En raison de ce comportement, les moteurs de recherche comme Google ont même demandé d'identifier les liens commandités comme tels, faute de quoi ils réduiraient le classement des sites qui, autrement, auraient été enrichis par des liens retour (« backlinks »).

Peu de contributeurs, plusieurs détracteurs

Cette plateforme a été entièrement financée par Emjibay Productions inc., ma propre entreprise. Il n'y a pas de mal en soi, je connaissais le risque lorsque je me suis lancé dans ce projet.

J'ai tenté de contacter des pairs, des artistes, des universitaires, des événements et des entreprises de médias pour qu'ils participent, contribuent ou présented de la publicité sur cette plateforme.

Comme je m'y attendais, le silence radio a été la réponse principale.

Certains universitaires m'ont permis de présenter la plateforme à leurs étudiants, une façon pour eux de lancer leur découverte de l'art médiatique et numérique. Cette piste s'est malheureusement rapidement essoufflée.

Quelques événements et galeries ont accepté de permettre à Arts & Médias de les lister, et je les en remercie.

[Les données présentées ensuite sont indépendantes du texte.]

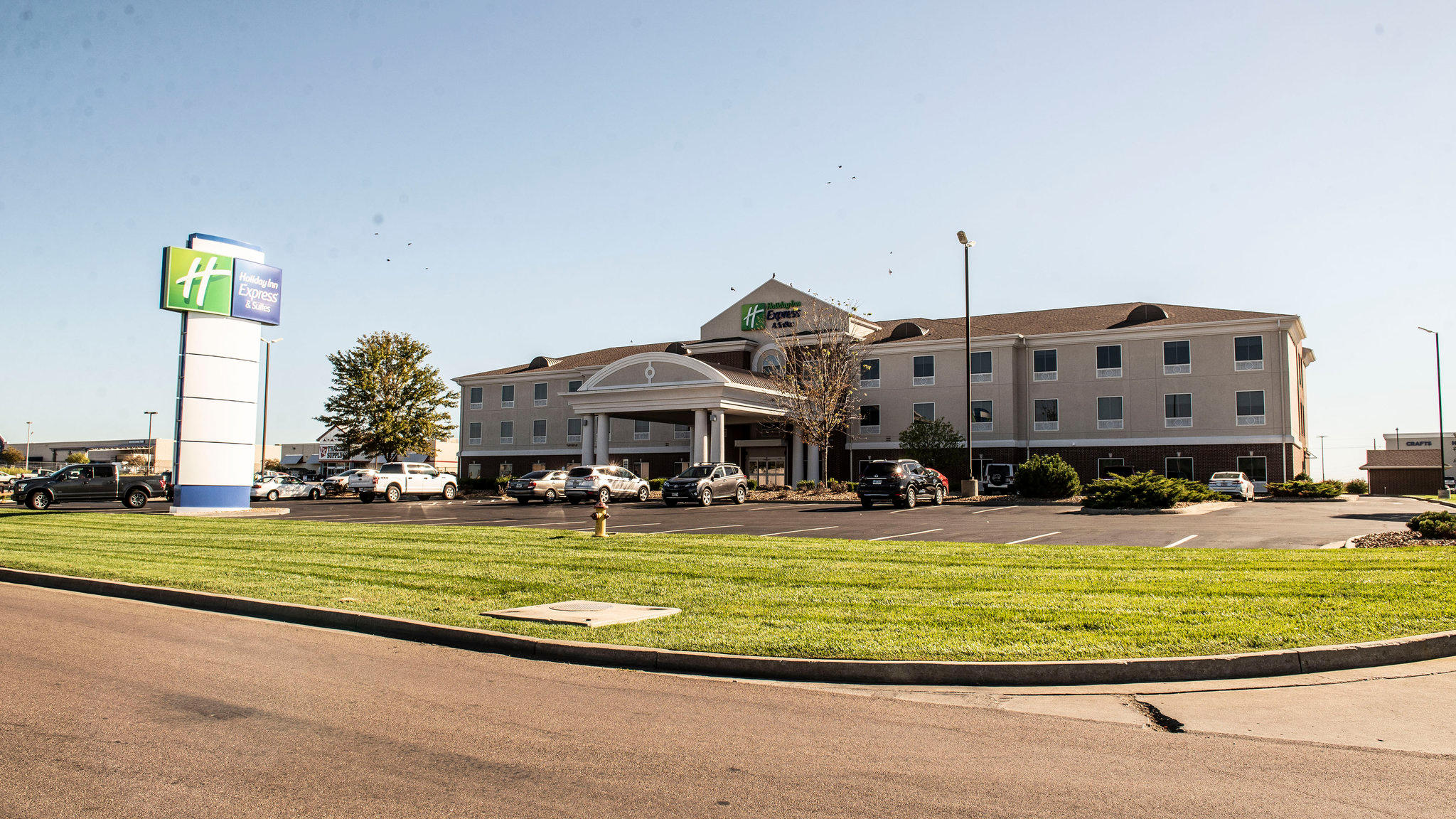 Holiday Inn Express & Suites Sedalia Photo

Plus surprenant cependant, certaines personnes et entreprises de médias ont menacé de poursuites parce que la plateforme proposait des liens vers leur contenu, en partageant les mêmes métadonnées qu'ils ajoutaient à leur site web pour s'assurer que leur contenu soit partageable.

En résumé, des menaces juridiques ont été proférées par des entreprises de médias parce qu'Arts & Médias améliorait gratuitement le classement de leur site web dans les moteurs de recherche grâce à des liens organiques ? Gardons en tête que ces mêmes entreprises engagent et paient des publicitaires pour faire exactement la même chose.

Ce n'est qu'un au revoir

Maintenir une telle plateforme seul, sans partenaire(s), est très fatigant et ingrat. Ce n'est pas une surprise, tous les créateurs de logiciels libres peuvent témoigner de cette difficulté.

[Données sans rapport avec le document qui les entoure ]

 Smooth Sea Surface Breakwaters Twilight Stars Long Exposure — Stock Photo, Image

Cependant, mon entreprise a actuellement moins de ressources à investir sans possibilité de retour, et je dispose moi-même d'un temps personnel limité à consacrer à cette plateforme.

Enfin, étant donné qu'en vertu de nouvelles lois canadiennes à venir, Arts & Médias expose davantage mon entreprise à des risques de poursuites judiciaires, je mets la clé dans la porte.

J'ai apprécié toutes les découvertes que j'ai faites, j'espère que vous avez aussi découvert quelque chose dans ce qui a été partagé.

Jusqu'à la prochaine fois, au revoir.